In each iteration $t \ge 1$, AMP produces an updated estimate of the signal matrix $B$, which we call $B^t$, and of the linearly transformed signal $\Theta:=XB$, which we call $\Theta^t$. These estimates have distributions that can be described by a deterministic low-dimensional matrix recursion called \textit{state evolution}.

Starting with an initializer $B^0\in R^{p\times L}$ and defining $\hat{R}^{-1}:=0_{n\times L}, $ for $t \geq 0$ the algorithm computes: %% \begin{align} \begin{split} \label{eq:amp} &\Theta^{t} = X \hat{B}^t - \hat{R}^{t-1} (F^t)^\top\,, \; \; \; \hat{R}^t = g^t\left(\Theta^t, y\right) \, ,
&B^{t+1} = X^\top \hat{R}^t - \hat{B}^{t} (C^t)^\top\,, \; \; \; \hat{B}^{t} = f^{t}\left(B^{t}\right), \,
\end{split} \end{align}

where the denoising functions $g^t: R^{n\times L}\times R^{n}\to R^{n\times L}$ and $f^t: R^{p\times L}\to R^{p\times L}$ are used to define the matrices $F^t$, $C^t$ as follows: $C^{t} = \frac{1}{n} \sum_{i=1}^n \partial_i{g^t_i}(\Theta^t, y)$ $F^{t} = \frac{1}{n} \sum_{j=1}^p d_j{f_j^{t}}(B^{t})$

Here $\partial_i{g^t_i}\left(\Theta, y\right)$ is the $L\times L$ Jacobian of $g^t_i$ w.r.t. the $i$th row of $\Theta$. Similarly, $d_j{f_j^{t}}(B^{t})$ is the $L \times L$ Jacobian of $f_j^t$ with respect to the $j$-th row of its argument.
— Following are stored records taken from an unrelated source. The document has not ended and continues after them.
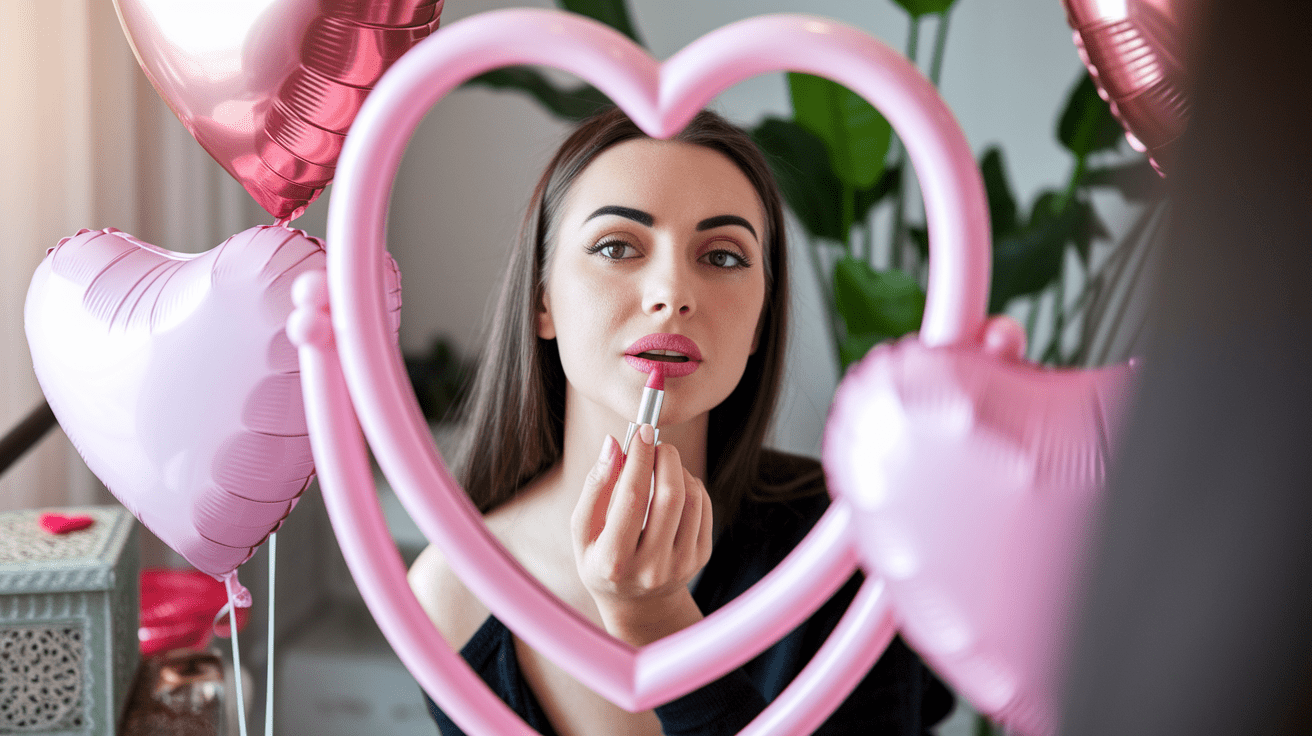 restylane valentines day lip filler tulsa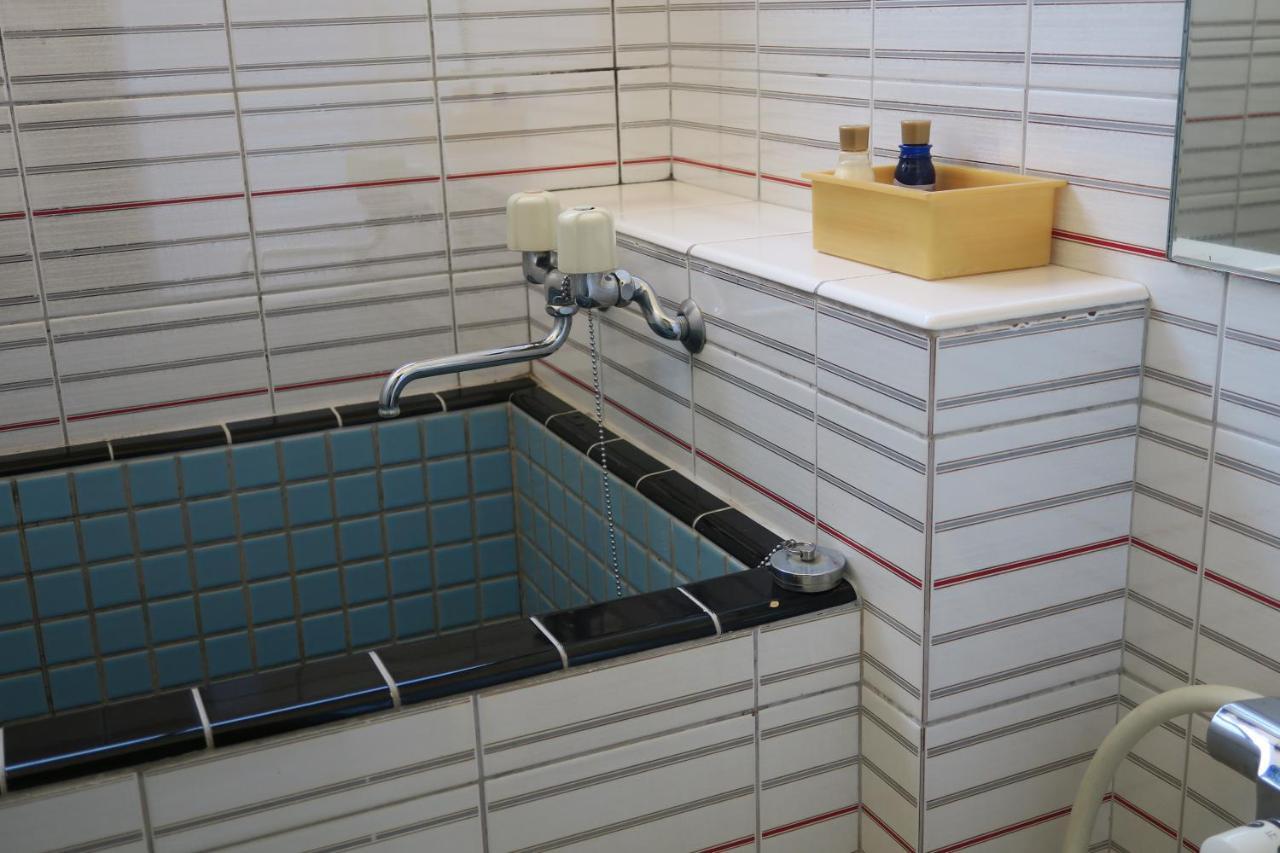 Kinugawa Kokusai Hotel Nikko Ngoại thất bức ảnh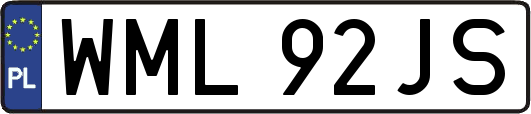 WML92JS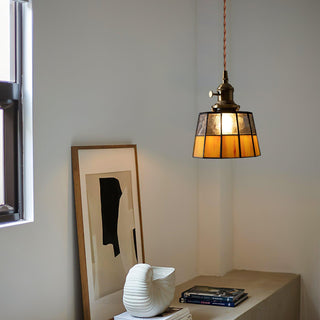Glimmer Bohemian Pendant Light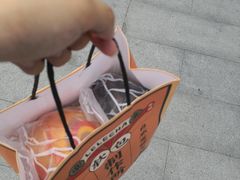 -LELECHA乐乐茶(美罗城店)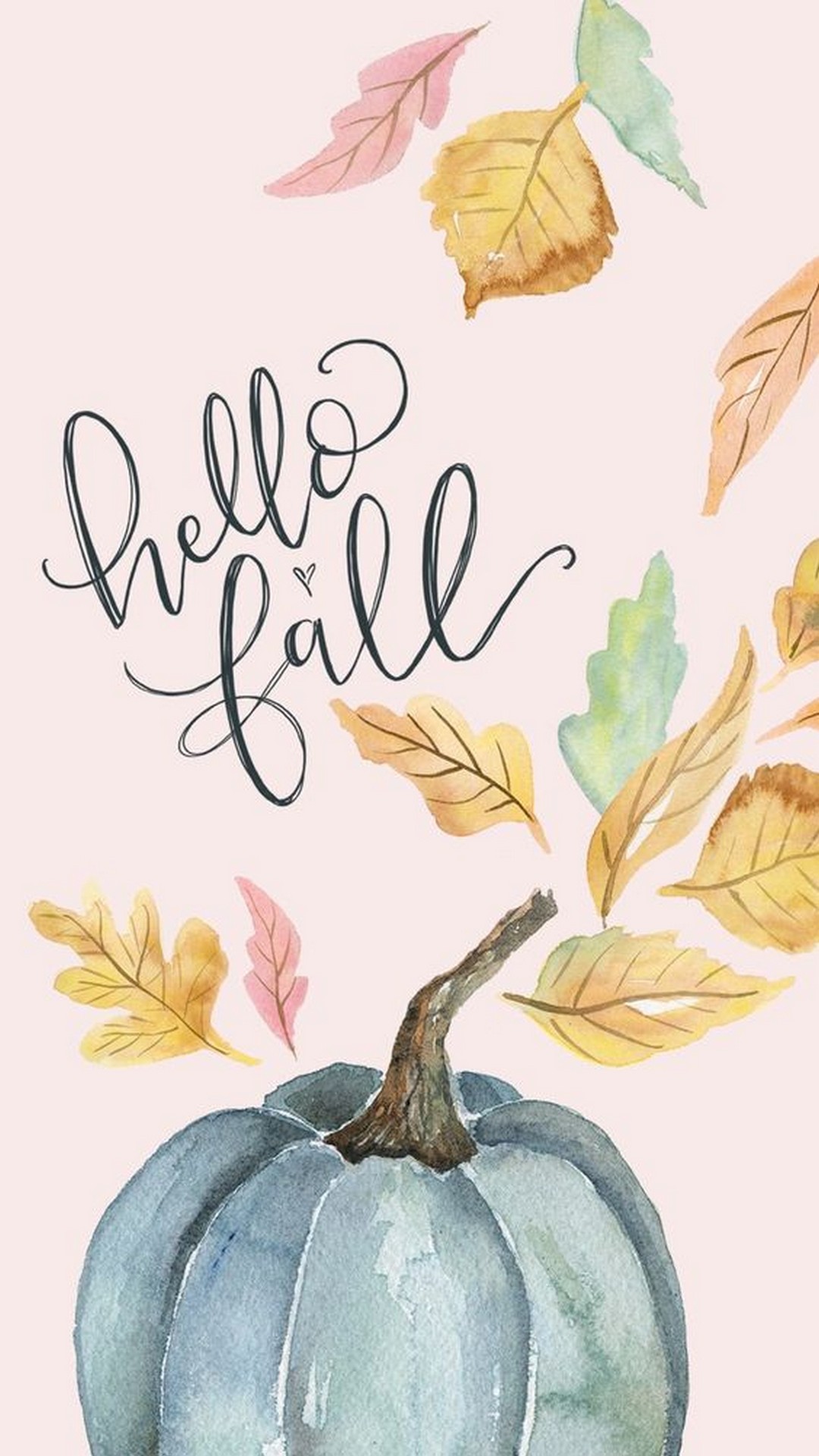 Cute Fall Wallpapers Mobile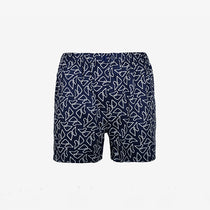 ISSIMO Il Pellicano 60th printed boxer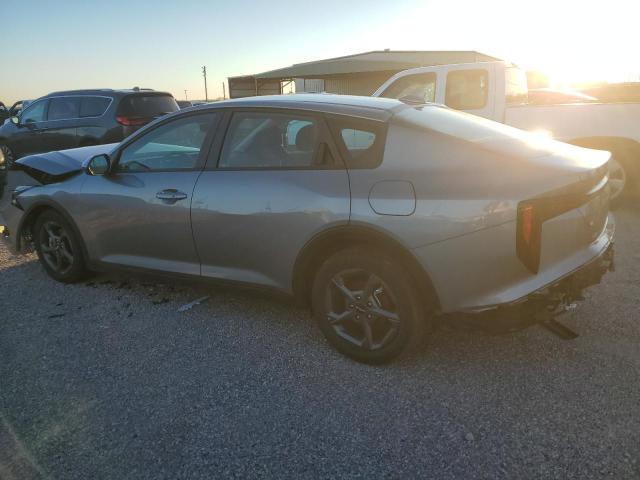 2025 KIA K4 LX 3KPFT4DE5SE003985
The memory terms $-\hat{R}^{t-1} (F^t)^\top$ and $-\hat{B}^{t} (C^t)^\top$ in AMP algorithm debias the iterates $\Theta^t$ and $B^{t+1}$, and enable a succinct distributional characterization.

In the high-dimensional limit as $n,p\to\infty$ (with $n/p \to \delta$), the empirical distributions of $\Theta^t$ and $B^{t+1}$ are quantified through the random variables $V_{\Theta}^t$ and $V_{B}^{t+1}$ respectively, which are determined by matrics with respect to Gaussian.